No, it's not selfish. He is a married man, he does NOT need to be going on a vacation with ANOTHER WOMAN (regardless of if the son is there) without you. He is married and the rules apply. And actually, you're supposed to come first, but not interfere with his relationship with the son. You're allowed to be there anytime he sees his son. He should never be around her without you there. He is the one who decided to live countries away from his son.

Do NOT let him go on this trip. That is of the most inappropriate things he could possibly do while married to you other than cheat. I mean really, anytime my divorced parents went on a trip together with me alone, it meant they were trying to work things out (when they were both SINGLE). Sounds like that's what your husband is trying to do behind your back. It especially makes me think this because he is so adamant about you not going. If he wasn't trying to hide anything from you/get back with her, he would gladly want you there and translate for you. The language thing is an excuse.


----------



## EleGirl

Your husband's relationship with his ex should be limited to contact related to their son.

Does his son visit you where you live? 

If he were my husband I would tell him that if he went on this vacation with his ex he should not come home to me. And I'd file for divorce while he's gone. Why because I would consider it open faced cheating on me. It does not matter if they have sex or not. What matters is that he's putting her ahead of me and that he put himself in the position in which he had the opportunity to have a sexual relationship with her.

Keep in mind that I have little doubt that her motive is to break up your marriage. She knows exactly what she's doing. Either your husband is not very bright and thinks she's acting innocently or he's already in an affair with her.

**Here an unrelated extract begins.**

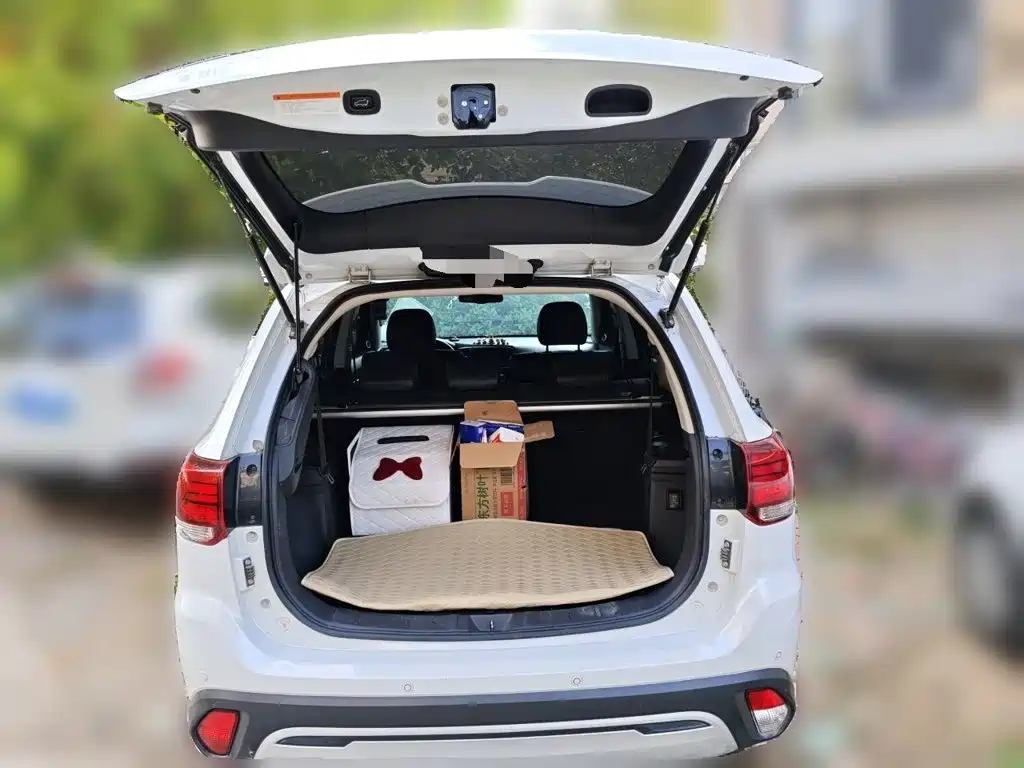 Mitsubishi Outlander — миниатюра 15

They have been carrying on an EA right under your nose for a while and you have been allowing it to go on. So now them going on a vacation/date is the next step.

If you agree with him going, you are sanctioning his affair. 


.


----------



## mablenc

Um no way you should let him go, and his excuses are lousy," you don't speak Polish" hello? Just like the thousands of tourist that visit Poland each year.
_Posted via Mobile Device_


----------



## lifeistooshort

I wouldn't go along with this. He's a married man, and his ex can go by herself with their son to see her parents. I'd be tempted to tell him if he goes not to bother coming back, but that's me. It's troubling he doesn't see that this is a problem and highly inappropriate; it makes me question his boundaries.
_Posted via Mobile Device_


----------



## Openminded

Very inappropriate boundaries by your husband and the mother of his child. All go to Poland and play happy family together? Hardly.


----------



## NextTimeAround

EleGirl said:


> Your husband's relationship with his ex should be limited to contact related to their son.
> 
> Does his son visit you where you live?
> 
> If he were my husband I would tell him that if he went on this vacation with his ex he should not come home to me. And I'd file for divorce while he's gone. Why because I would consider it open faced cheating on me. It does not matter if they have sex or not. What matters is that he's putting her ahead of me and that he put himself in the position in which he had the opportunity to have a sexual relationship with her.
> 
> Keep in mind that I have little doubt that her motive is to break up your marriage. She knows exactly what she's doing. Either your husband is not very bright and thinks she's acting innocently or he's already in an affair with her. *They have been carrying on an EA right under your nose for a while and you have been allowing it to go on.* So now them going on a vacation/date is the next step.
> 
> If you agree with him going, you are sanctioning his affair.
> 
> 
> .


That sounds a bit harsh. May be we need more information before making that accusation.


----------



## daffodilly

NextTimeAround said:


> That sounds a bit harsh. May be we need more information before making that accusation.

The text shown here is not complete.